Dorothy Loudon is such a gifted actress! Most of you probably know her from her Tony Award winning performance in the original production of Annie in the role of the wickedly funny Miss Hannigan.. In the timespan between Annie and Ballroom, her next Broadway musical, Dorothy's life was turned upside down.

When asked in 1977 what it meant to win her Tony Award, Dorothy replied, "Like most winners I had mixed feelings: delight in this gift from my peers, sadness that actors are put in a competitive position. But what I treasured most was the look on my darling husbands's face, a pride and joy that overwhelmed me. When the award was announced, I didn't want to leave my seat. I just wanted to sit there with him and hold on to the moment. I felt it was something he and I had won together. Later we went to the Tony ball, ate the rubber eggs, danced the first dance together, came home and hugged each other, laughed a lot, then hugged again and held tight. I suppose we'd have done that anyway but the award made our evening special."

"Less than a month later he died. Now when I look at my Tony, and I do, what I remember is that wonderful moment together."

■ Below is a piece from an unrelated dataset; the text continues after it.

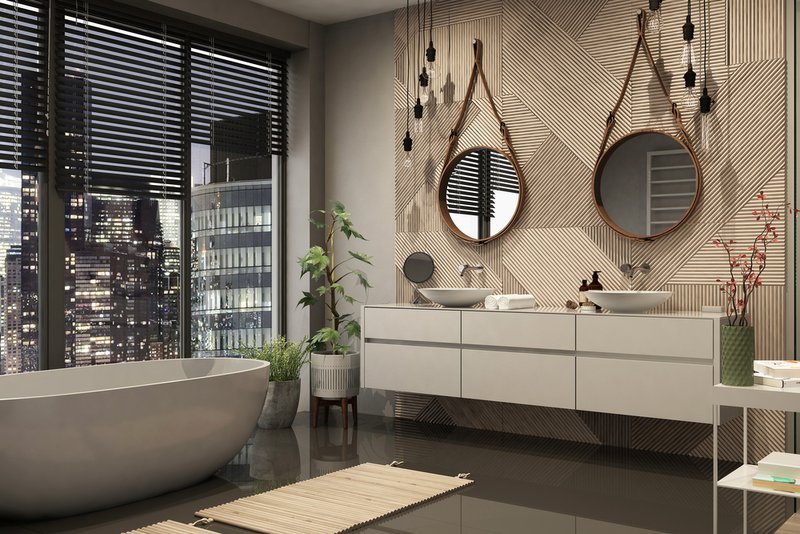 Bathroom accessories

Dorothy continued doing her performance in Annie, despite her tragic loss. A year or so later, Michael Bennett approached her to do Ballroom, his eagerly awaited musical after the Chorus Line triumph. The initial problem was that Ballroom is about a woman dealing with widowhood, and there was talk that Dorothy might find the work and the subject material too emotionally draining. She agreed to go to the "workshop" for several weeks to try it out.

Dorothy treated the role of Bea, as a part, and did not create the role by pulling from her own personal experience. She felt that that would have been cheating anyhow.

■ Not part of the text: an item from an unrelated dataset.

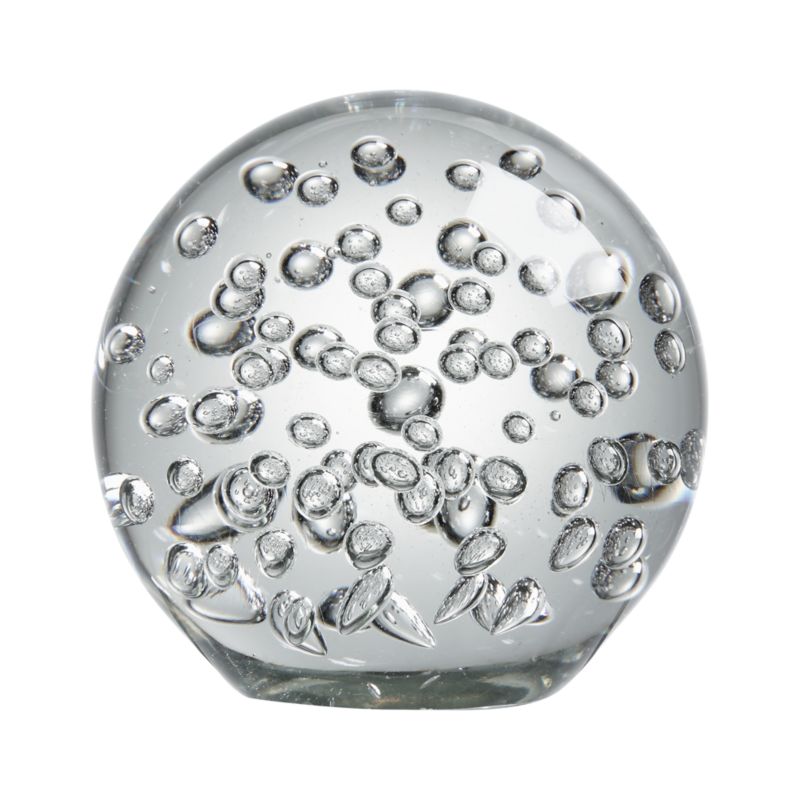Bubble Sphere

Ballroom opened on Broadway with mixed reviews. Everyone expected Bennett to outdo himself after A Chorus Line and perhaps the reviews were a bit unfair. Regardless, the show was wonderful and enjoyable. Louden was thrilling to watch.

Still, knowing what she had gone through in the last eighteen months, we, the audience, could not separate the real from the stage in certain instances. The big eleventh hour number came in act two; the song is called "Fifty Percent." The song is about a woman who would rather deal with having just half a person than nothing at all. All I can tell you is that it was one of those magical moments in the theatre where your breath is taken away. Dorothy Loudon singlehandedly destroyed an entire audience nightly at the Majestic theatre. I can still hear the hush and then an audience screaming and cheering, and the love poured over the footlights. It was audience and performer sharing and caring about eachother. We applauded Bea and embraced Dorothy Loudon.

For those of you with the cast album, and knowing what I have just written, give a listen, and you will experience what I experienced that night on Broadway.

Dorothy Loudon, whereever you are, one more, Dorothy, one more musical.